An artist who abandoned all conventions, Pollock used the separation and marbling of the wet paint enamel to create the dripping patterns in Number 1, 1950 (Lavender Mist).

 

January 28, 2012

Even a century since his birth, American “splatter artist” Jackson Pollock still provokes heated debate about the very definition of art.

Was a man who placed a canvas on the floor and dripped paint straight from the can actually creating a work of art?

“It’s very hard if you try to build the paint up to this extent with this many colors and not achieve mud,” says National Gallery of Art curator Harry Cooper.

“He didn’t achieve mud here — I think he achieved something quite beautiful,” Cooper tells weekends on All Things Considered host Guy Raz. “And in the process, he opened up a whole new way of thinking about what a painting could be, how you could make a painting, what it could do in an abstract way.”

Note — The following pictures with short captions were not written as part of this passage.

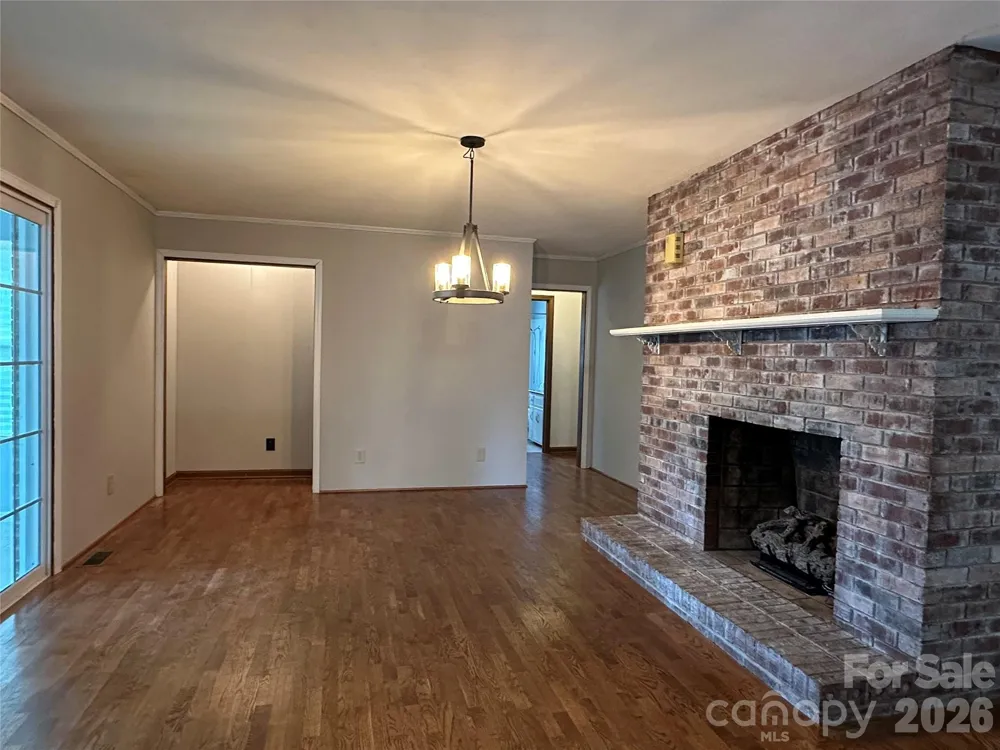 5212 Walter Starnes Place Granite Falls, NC 28630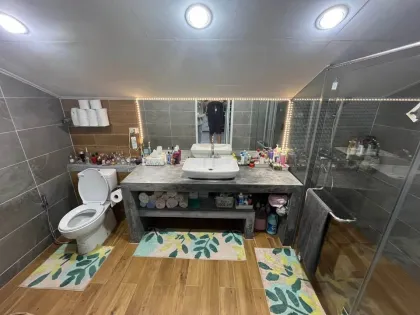 Casa espaciosa de 4 habitaciones en alquiler en Chalong cerca de BCIS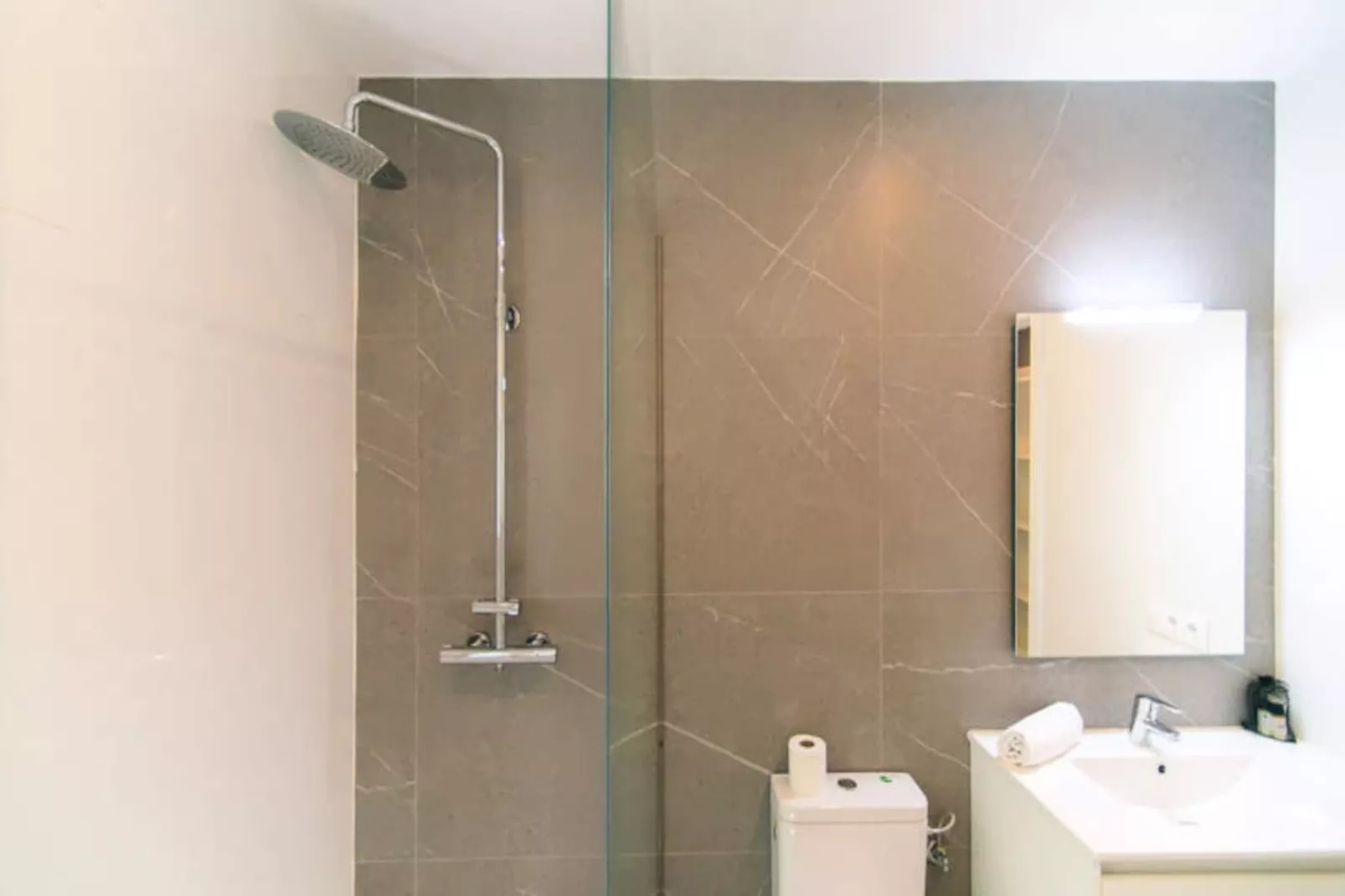 Maison à Roses-Untagged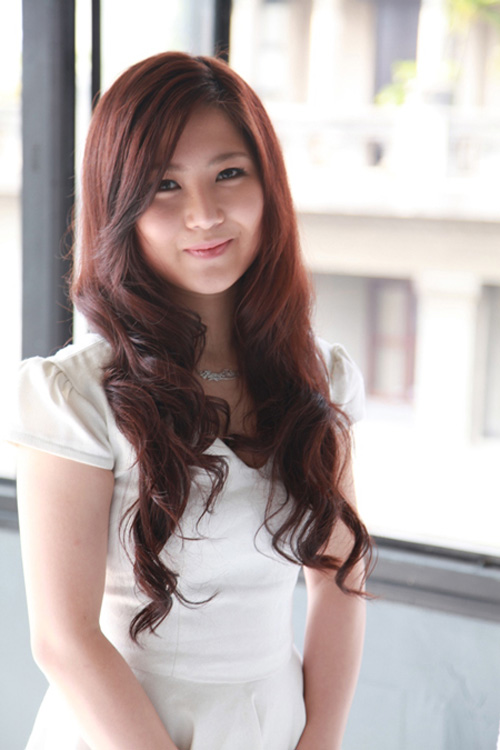 Bùi Anh Tuấn "vượt mặt" Hương Tràm - 2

The public perception at the time, though, was distinctly different than that of art critics.

“In the popular mind, he was Jack the Dripper,” Cooper says. “I think all of those feelings and associations have remained with the work, no matter how many books and how many retrospectives he has.”

In 2006, one of Pollock’s works sold for $140 million — the most ever paid for a painting. He remains polarizing, a man whose work is as derided as it is desired.

Born in Cody, Wyo., on Jan. 28, 1912, Paul Jackson Pollock trained under the acclaimed American naturalist Thomas Hart Benton.